His ankle was x-rayed and after studying the photos the doctor declared “It’s a Potts fracture. It will not require surgery, just several weeks in plaster. With a younger man I would have said six weeks but in this case it will be more like nine.”
Strelnikov left the room and the doctor started to apply the plaster.
After the plastering had been completed Phil was carried back to the lounge and placed in his armchair. Strelnikov was already seated opposite. Jeeves brought a tray with a single glass which Strelnikov took. “I would normally offer you a brandy, Sir Phil, but as you have just received a large dose of painkiller I don’t think it would be wise.”
Phil felt a little relieved; he reckoned he would be leaving the place alive. After all, why would Strelnikov plaster his leg if he was planning to kill him? Phil was desperately thirsty but decided against asking for some water; he didn’t want to beg favours from Strelnikov.
“Sir Phil you have not been treating me with respect. Do you know how much I was worth just one year ago?”
Sir Phil did not know what to answer but mumbled “Quite a lot I should imagine.”
“More than five billion dollars. And now just one billion, because my four billion dollars of shares in NatScott are worthless.
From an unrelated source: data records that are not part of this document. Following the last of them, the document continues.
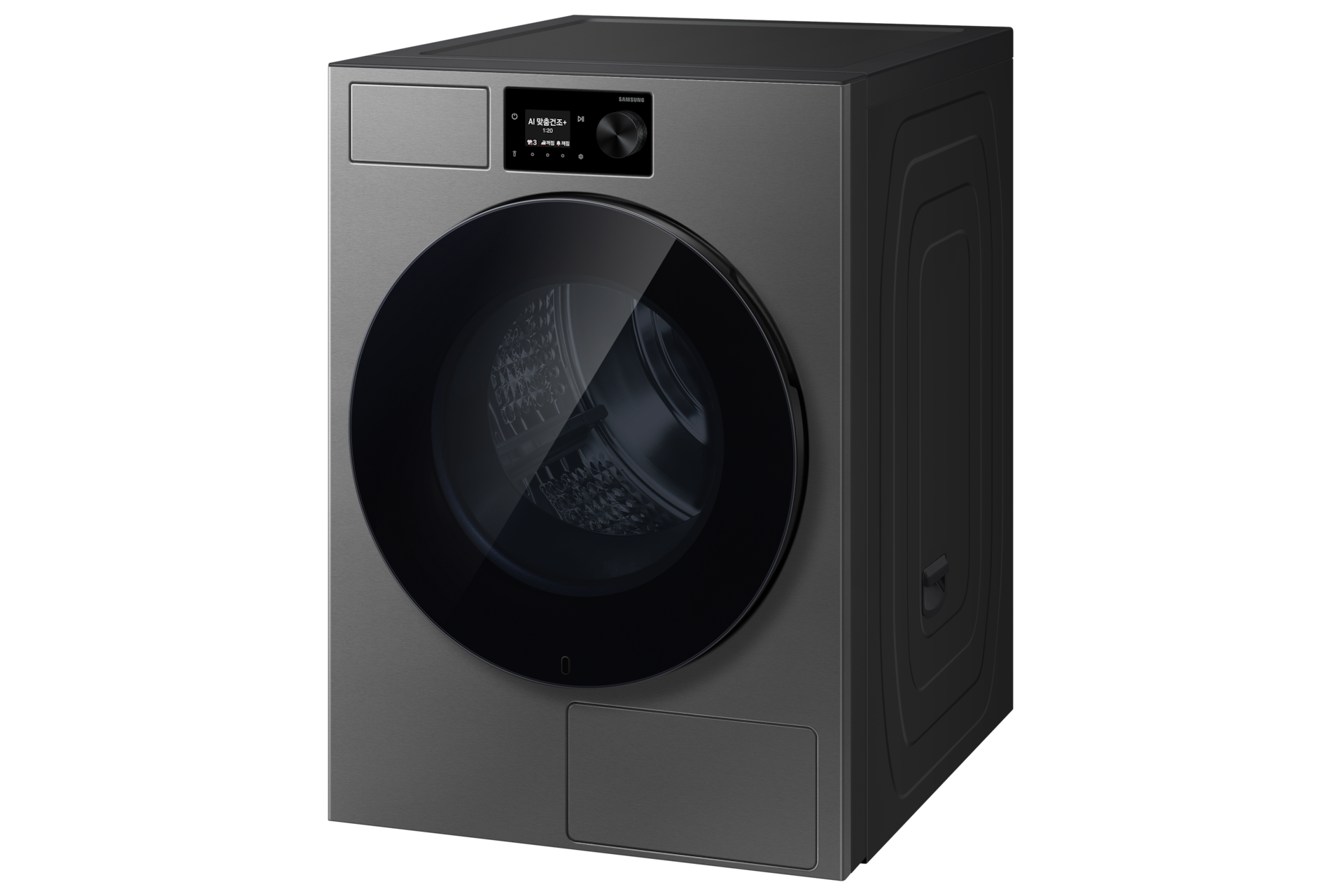 Bespoke AI 건조기 18kg (71.1mm LCD) 다크스틸 우측면 30도
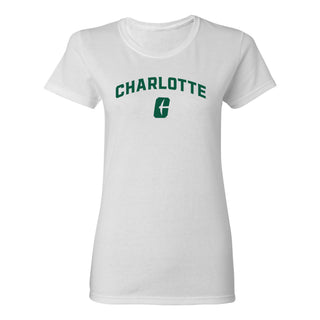 UNC Charlotte Forty-Niners Arch Logo Womens Short Sleeve T Shirt - White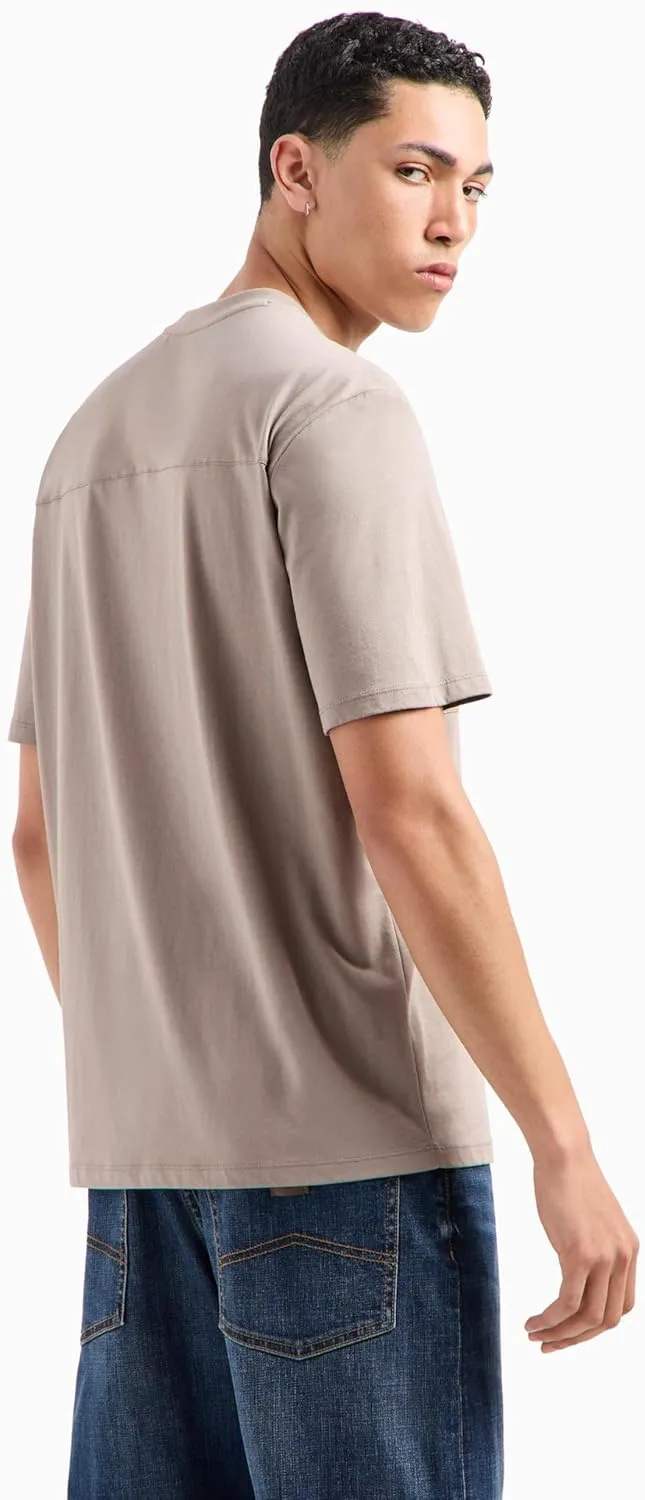 Armani Exchange Men's Repeat Micro Text with a/X Logo Overlay Regular Fit Tee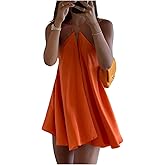 SKAYS Women's Halter Neck Backless Sleeveless Mini Dress Flowy A Line Casual Back Bow Tie Short Dresses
I asked you nearly three months ago how you planned to give me back my money. You have not given me a serious reply.”
“Mr Strelnikov, I assure you I have been lobbying hard on your behalf with the bank’s new board and with the Prime Minister himself.”
“You didn’t ask the Prime Minister at this morning’s presentation when I would get my money back.”
Strelnikov took a sip of his brandy. “Sir Phil, the doctor says the plaster will come off in nine weeks. So in nine weeks’ time I would like you to give me a business plan, in which you will explain how you will fully repay me over the next two years. Together with the business plan, I expect you to return me the first ten per cent. Hopefully, the plaster will remind you of your number one priority. Is that understood?”
“Yes, Mr Strelnikov.”
“Good. By the way, if anyone asks about your leg, you broke it in a skiing accident.”
Shortly afterwards, Phil was driven back to the Steigenberger. The following morning he flew back to Scotland in an air ambulance. In a way it was a sort of private jet.